听着流水声,渐渐的天晚了,回到三柳先生家,天快黑了。
凤鸣湖是传说得名,据说有凤凰在这里落脚栖息过。此时可是热闹的,一群群,一对对大大小小野鸟鸣叫着飞来飞去,一会落下一会飞起,也不知道在做些什么。天慢慢黑了,湖里亮起了一些灯,渐渐地鸟儿也安静了。
当夜深了,一切似乎静了,远处蛙声响了,院墙边蟋蟀断断续续呢喃起来,我想到一幅画“蛙声十里出山泉”
七 折柳
这些天除了山里转悠就是吃着本地饭,享受万分。但是有些地方还是没有去成,比如南坡,西岭,总觉时间过得太快。不知道住了多久,我才意识到该回家了,毕竟还要去工作的。
要离开了,我和三柳先生在门口的小桥边默默的坐着,他夫人在门口静静地看着我们,过了一会三柳先生从柳树上折了一根送到我手里说:好了,回吧,路上慢些。
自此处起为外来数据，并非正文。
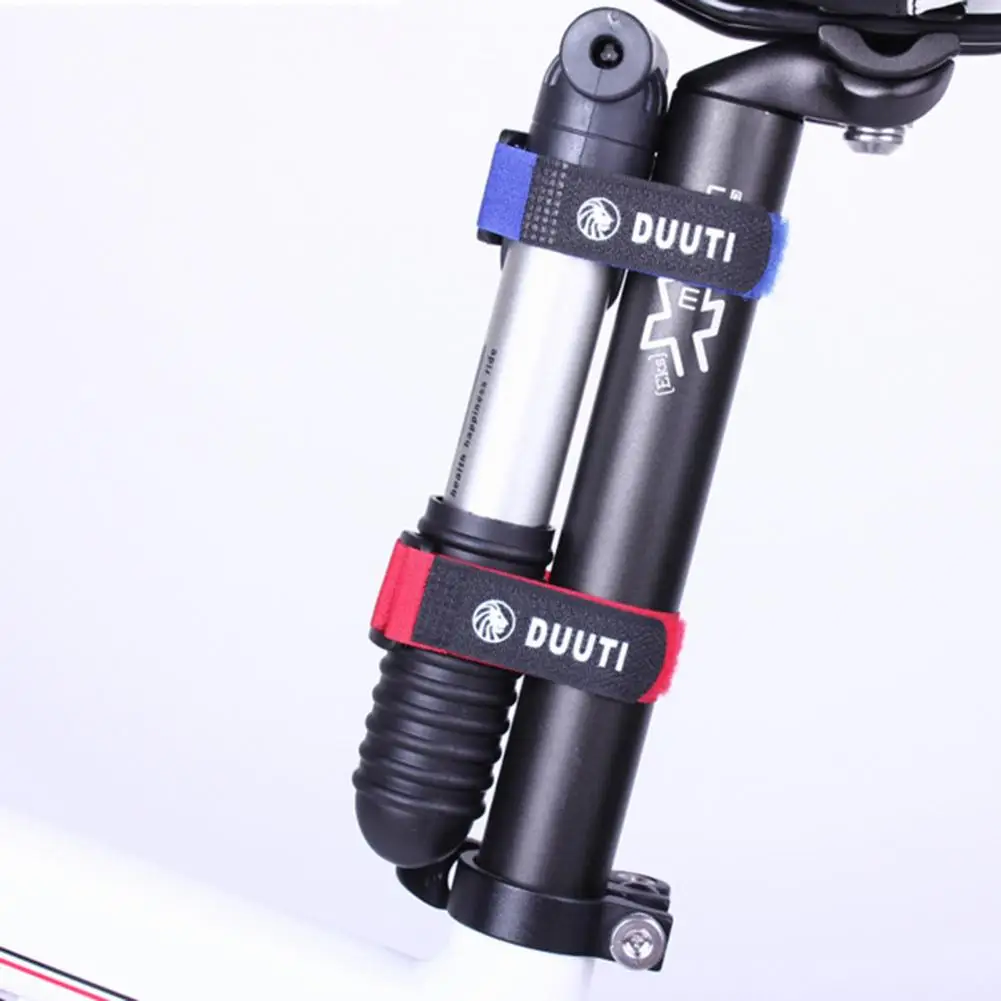 25cm Nylon Bike Tie Bicycle Fixed Strap Cable Tie Fishing Rod Holder Strap Suspenders Fastener Hook Loop Ties 5Pcs bicycle strap bicycle fixing strap bicycle fixing band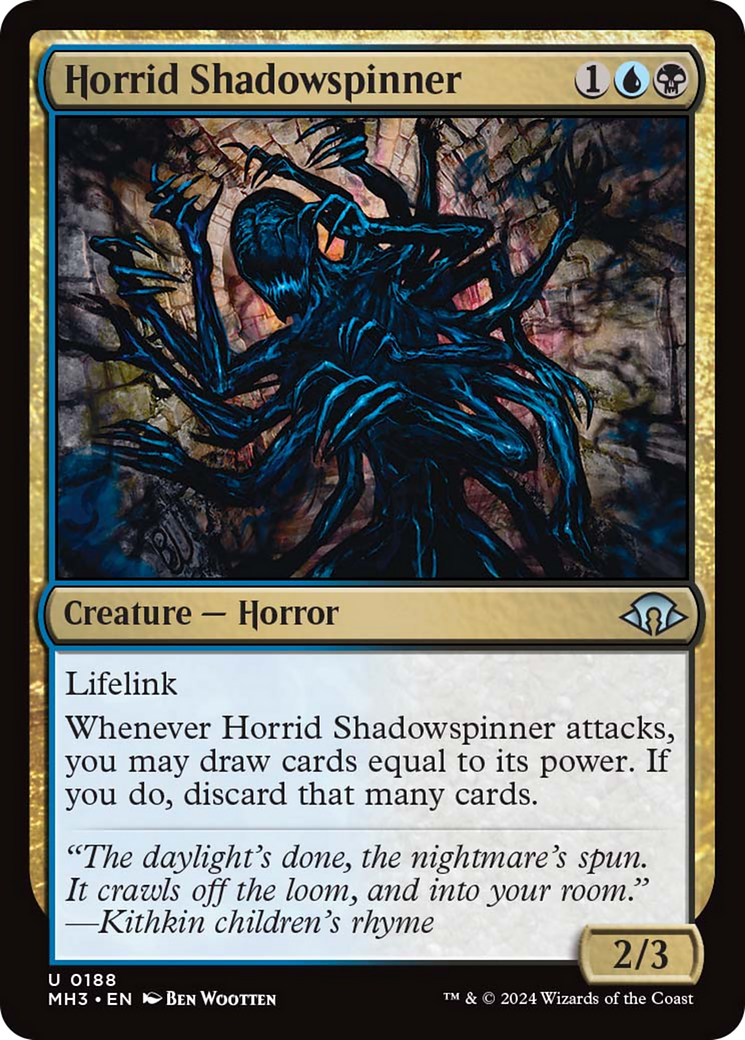 Horrid Shadowspinner [Modern Horizons 3] | The CG Realm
我接着柳枝上了车,没敢回头,眼泪簌簌流了下来。不禁大声念了起来:昔我往矣,杨柳依依….
回到密密麻麻的城市,独坐在书桌前,闭目一会,提笔写了几句:
溯廻溯游,伊人在沚?
云移移,日昏昏,半百丑,低头卵石砥。
胡为来乎哉?一丝牵?糟酒罪?许是谷神善渊地?
写完此文反复看了几次,确认是胡言乱语,不禁偷偷笑了起来。